4. The fact that genetic polymorphisms in lipid metabolism may affect the results and were not evaluated should be added to the limitations section.

Author Response

Dear Reviewer,

Thank you for your thoughtful and constructive feedback on our manuscript. We appreciate your recognition of the study’s design and contribution to the literature. We have carefully addressed all your suggestions and revised the manuscript accordingly. We highlighted the revisions in yellow within the text. Below, we detail our responses to each point:

Comment 1: Atherosclerotic plaque formation is a process. Determining the sensitivity and specificity of this ratio during patient follow-up, rather than assessing it once, will be more effective for early diagnosis. This should be added to the study's limitations.

Response:
We agree that the dynamic nature of atherosclerosis warrants longitudinal assessment of the TG/HDL-C ratio. We have added the following sentence to the Limitations section: "Additionally, the TG/HDL-C ratio was assessed at a single time point upon admission, without follow-up measurements. Given the dynamic nature of atherosclerotic plaque formation, evaluating the sensitivity and specificity of this ratio during patient follow-up could enhance its utility for early diagnosis."

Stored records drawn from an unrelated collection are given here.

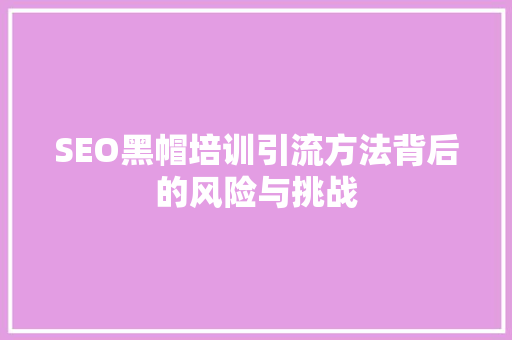 SEO黑帽培训引流方法背后的风险与挑战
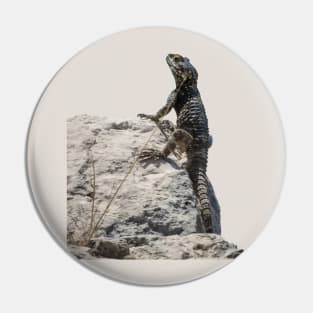 Lizard Sunbathing On A Rock Vector Pin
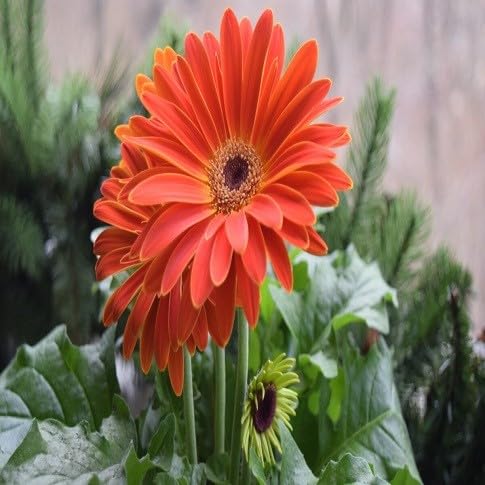 100pcs New Fresh Gerbera Flower Seeds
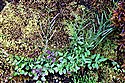 Narrow-leaved Bitter-cress (guest image)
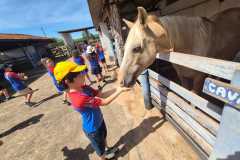 WhatsApp-Image-2025-12-16-at-13.38.51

Comment 2: "In lines 337–338 and in Figure 2, the phrase 'diagnostic protocols for ACS' is mentioned. This should be changed to 'ACS management protocols'."

Response:
We have updated the terminology as requested to reflect clinical management rather than diagnosis alone. Changes were made in two locations:

Text: Original: "We recommend the use of TG/HDL-C in the diagnostic protocols for ACS (Figure 2)."

Revised: "We recommend the use of TG/HDL-C in the ACS management protocols (Figure 3)."

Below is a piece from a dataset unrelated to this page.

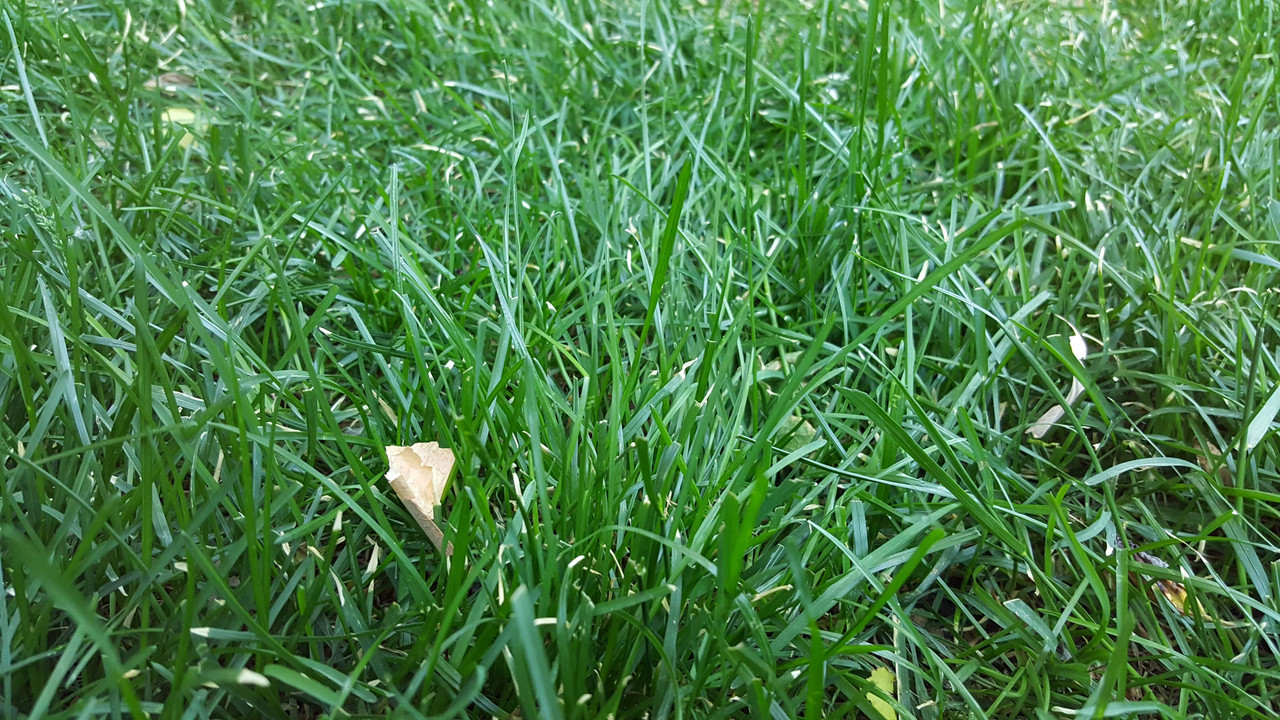grass pic 8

Figure Caption (Figure 3, previously Figure 2): Original: "Diagnostic Pathway for ACS Using TG/HDL-C Ratio."

Revised: "Proposed Management Pathway for ACS Using TG/HDL-C Ratio."

 

(Note: Figure numbering was adjusted during revision; the relevant figure is now Figure 3.)

 

Comment 3: "The fact that genetic polymorphisms in lipid metabolism may affect the results and were not evaluated should be added to the limitations section."

Response:
We acknowledge that genetic variability in lipid metabolism could influence our findings. We have added the following to the Limitations section: "Moreover, genetic polymorphisms in lipid metabolism, which could influence the outcomes, were not assessed in this investigation."

Reviewer 2 Report

Comments and Suggestions for Authors

I have reviewed this article and have several questions and comments:

1. It is important to describe the selection of participants included in the analysis in more detail. How many were excluded from the overall population and based on what specific exclusion criteria (this could be presented graphically).

2. What is the justification for the approach of categorizing groups into 5 in this manner (0, 1, 2, 3, ≥4)? There are various established classifications for coronary artery disease (e.g., SYNTAX, CASSC, etc.).

3. When comparing multiple groups, a statistical correction for multiple comparisons must be applied (e.g., Bonferroni correction for the number of groups). In this case, statistical significance would be achieved at p < 0.05/5 = 0.01. Consequently, there would be no significant differences in Table 2. This fundamentally changes the study's results.

4. Similarly, a correlation coefficient of r = 0.32 does not even indicate a moderate strength of association.

5. Table 3 is unclear to me. On what basis did the authors define the risks (Low-risk identification, Intermediate-risk screening, High-risk identification)?

6. The analysis in Table 4 is also unclear. What did the authors consider as the binary outcome (coronary lesion burden)? The authors have this parameter ranked into 5 groups, but a binary parameter is needed here.

7. Section 3.4.2 (Subgroup Analysis Results). It is unclear where these data came from? Tables with calculations are missing. The presented correlation coefficient values are low and lack the necessary strength of association. Furthermore, the rationale for presenting correlation analysis is unclear.

I believe the authors need to revisit the statistical analysis of the data and consider that the division into 5 groups is not a quantitative parameter, but rather a ranking of patients into 5 groups.

Author Response

Dear Reviewer,

Thank you for your thoughtful and constructive feedback on our manuscript. We appreciate your recognition of the study’s design and contribution to the literature. We have carefully addressed all your suggestions and revised the manuscript accordingly. We highlighted the revisions in yellow within the text. Additionally, the article was reviewed by a native English-speaking editor. Below, we detail our responses to each point:

Comment 1: It is important to describe the selection of participants included in the analysis in more detail. How many were excluded from the overall population and based on what specific exclusion criteria (this could be presented graphically).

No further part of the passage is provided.